-- INPUT FOR THIS TASK follows --
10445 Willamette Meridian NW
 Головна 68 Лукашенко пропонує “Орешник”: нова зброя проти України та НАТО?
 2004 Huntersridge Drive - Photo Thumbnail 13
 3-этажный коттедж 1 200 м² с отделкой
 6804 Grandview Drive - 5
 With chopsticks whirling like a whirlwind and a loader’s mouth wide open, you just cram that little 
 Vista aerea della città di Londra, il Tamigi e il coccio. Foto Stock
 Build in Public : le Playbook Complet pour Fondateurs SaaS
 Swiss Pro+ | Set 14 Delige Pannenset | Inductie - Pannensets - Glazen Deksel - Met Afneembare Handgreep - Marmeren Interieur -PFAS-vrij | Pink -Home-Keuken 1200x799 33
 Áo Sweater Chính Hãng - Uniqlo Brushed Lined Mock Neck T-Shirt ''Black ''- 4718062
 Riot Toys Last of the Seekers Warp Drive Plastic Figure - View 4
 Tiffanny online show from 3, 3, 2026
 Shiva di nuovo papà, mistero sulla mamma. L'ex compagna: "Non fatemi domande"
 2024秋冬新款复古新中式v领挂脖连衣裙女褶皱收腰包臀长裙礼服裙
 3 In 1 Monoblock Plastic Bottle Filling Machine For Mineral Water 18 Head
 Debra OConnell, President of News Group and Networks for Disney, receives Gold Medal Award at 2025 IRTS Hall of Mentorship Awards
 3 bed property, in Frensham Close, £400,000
-- INPUT FOR THIS TASK concluded --
Repeat, character for character, the lines of the material above from the line with "Vista aerea della" through the line with "2024秋冬新款复古新中式v领挂脖连衣裙女褶皱收腰包臀长裙礼服裙".

 Vista aerea della città di Londra, il Tamigi e il coccio. Foto Stock
 Build in Public : le Playbook Complet pour Fondateurs SaaS
 Swiss Pro+ | Set 14 Delige Pannenset | Inductie - Pannensets - Glazen Deksel - Met Afneembare Handgreep - Marmeren Interieur -PFAS-vrij | Pink -Home-Keuken 1200x799 33
 Áo Sweater Chính Hãng - Uniqlo Brushed Lined Mock Neck T-Shirt ''Black ''- 4718062
 Riot Toys Last of the Seekers Warp Drive Plastic Figure - View 4
 Tiffanny online show from 3, 3, 2026
 Shiva di nuovo papà, mistero sulla mamma. L'ex compagna: "Non fatemi domande"
 2024秋冬新款复古新中式v领挂脖连衣裙女褶皱收腰包臀长裙礼服裙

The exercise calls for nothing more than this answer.